As far as I understand DB Merge, if I use “ID” as a WHERE field, and the other fields as SET fields, I will update the timestamp in case (2) which is not the expected behaviour.
I see as a potential solution:

first add all the new records to the table (with the new time stamp)
then groupby on all fields + min(timestamp)
then groupby on ID + max(timestamp) and join with the previous step.

This should work but seems to be compute intensive and is not adapted to most of my use cases. That’s way I am looking for a smarter approach…

szawadski · May 14, 2020, 8:58pm

Thanks for your advices. Unfortunately, this does not fit in my use cases for the following reasons:

I cannot aford loading all data locally - I need to perform the merge on the DB (there are millions of row in some tables)
I want to have something as generic as possible (i.e. I do not want to adapt the query each time I use a new table)

That’s why I think the best solution will come from Knime. Why not to think about a sort of ETL/Datawarehouse extension with this kind of features + logging of the changes in a separate table, etc…

In the meantime, I will test the idea exposed above (ADD rows + double groupby + join).

Thanks anyway for your interest in my question and your help.

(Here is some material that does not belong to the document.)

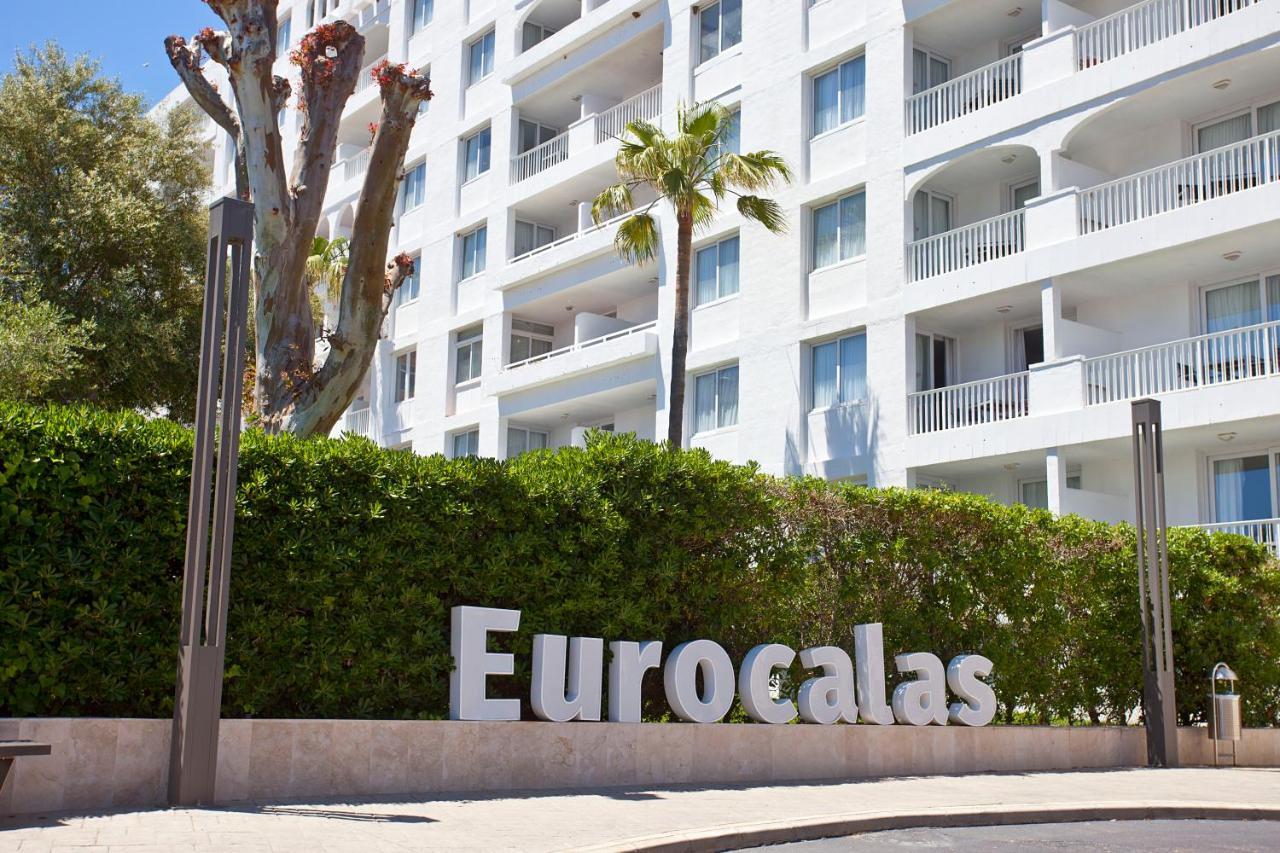 Hyb Eurocalas Calas de Mallorca Dış mekan fotoğraf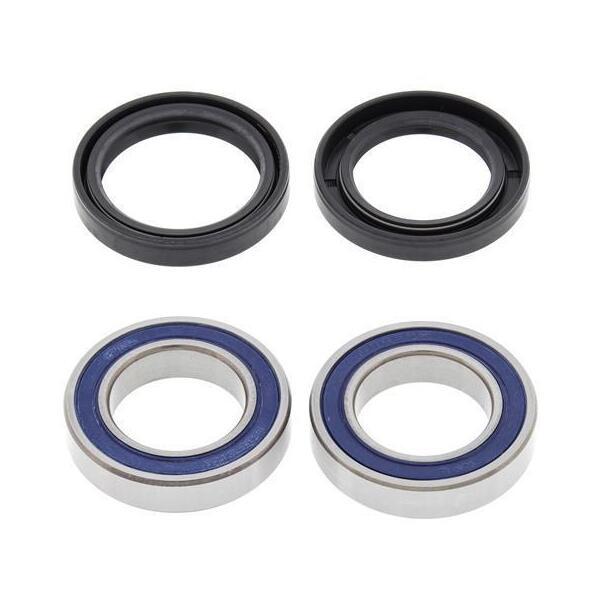 All Balls Front Wheel Bearing and Seal Kit for 2006-2009 APRILIA RXV450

AnotherFraudUser · May 14, 2020, 9:03pm

then I think your best quess would be the Parameterized DB Query solution
You would just need to set the SQL Statement with a parameter depending on the merge data columns

But good luck with your problem

ipazin · May 15, 2020, 3:53pm

Hi there @szawadski,

tnx for vivid example!

Well you have a record with updated timestamp but none of attributes updated? It can happen while doing ETL (on source you have attributes that have been updated but they are not needed on destination thus you have records that are actually not updated from destination point of view) but wondering how often and should KNIME cover this with a smart approach or ETL designer should take care of this on destination side somehow?

Logic you would need in DB Merge node is actually “Only update if values have changed” and appropriate dialog to choose columns upon which this should be checked. Also regarding deleting/marking data which is not in input table makes sense.

Potential solution seems fine to me!

Br,
Ivan

system · November 14, 2020, 3:54am

This topic was automatically closed 182 days after the last reply. New replies are no longer allowed.